Kaşıntı: Gül hastalığı kaşıntıya yol açabilmektedir. Hastaların yaklaşık yarısında kaşıntı vardır. Cilt ısındığında, örneğin; çalışırken veya sıcak bir duş alındığında kaşıntı artar.

Gül Hastalığı Tanısı Nasıl Konulur?

Gül hastalığı tanısı muayene ile konulmaktadır. İç organları etkilemediği için, genellikle ek tahlil istenmez.

Gül hastalığının birçok farklı tipi bulunmaktadır. Bu nedenle doktorunuzun şüphelendiği durumlarda 3 – 4 mm parça alınarak mikroskopta incelenebilmektedir.

Nasıl Tedavi Edilir?

Kaşıntıyı azaltmaya yönelik antihistaminik haplar ve kortizon içeren kremler kullanılabilmektedir. Şiddetli veya farklı alt tiplerinde kortizonlu haplar veya ışık tedavisi uygulanabilmektedir. Çoğu insanda pityriasis rosea tekrarlamamaktadır.

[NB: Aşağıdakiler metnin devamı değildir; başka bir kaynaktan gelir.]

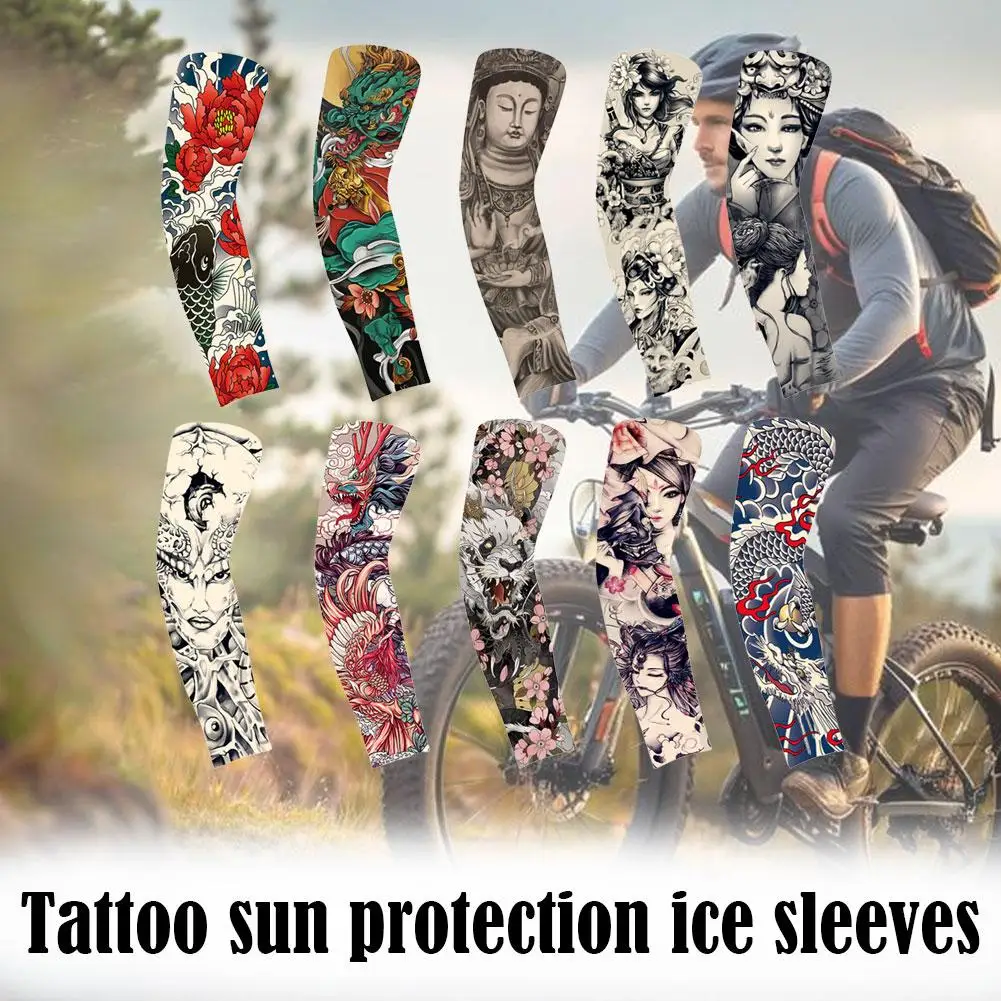 Mangas de brazo refrescantes - Protección solar UV de seda de hielo para deportes al aire libre, ciclismo, correr, pescar - Estampado de tatuajes Secado rápido Transpirable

Lekeler Ne Kadar Sürer? İz Bırakır mı?

Lekeler ortalama 6 – 12 hafta içinde solar ve iz bırakmadan iyileşir. Bazen bu süre daha da uzun olabilmektedir.

Öneriler

Eğer gül hastalığı olduğunuzdan şüphelenirseniz:

  • Dermatoloğa muayene olmak için randevu alın. Bu şekilde gül hastalığı olduğundan emin olabilirsiniz ve kaşıntı varsa tedaviye başlayabilirsiniz.
  • Banyolarınızda ılık su kullanın. Çünkü cilt aşırı ısındığında döküntü kötüleşerek daha da belirginleşebilmektedir. Aynı zamanda banyolarda kese – lif yapmayın.
  • Sıcak ortamlardan kaçının. Çünkü aşırı ısındığınızda döküntü kötüleşerek daha da belirginleşebilmektedir.

Gül hastalığında lezyonları artırabileceği ve bu nedenle hastalık süresini uzatabileceği için lezyonlar mümkün olduğunca kaşınmamalı ve sıkı kıyafetler giymekten, terletici faaliyetlerden kaçınılmalıdır.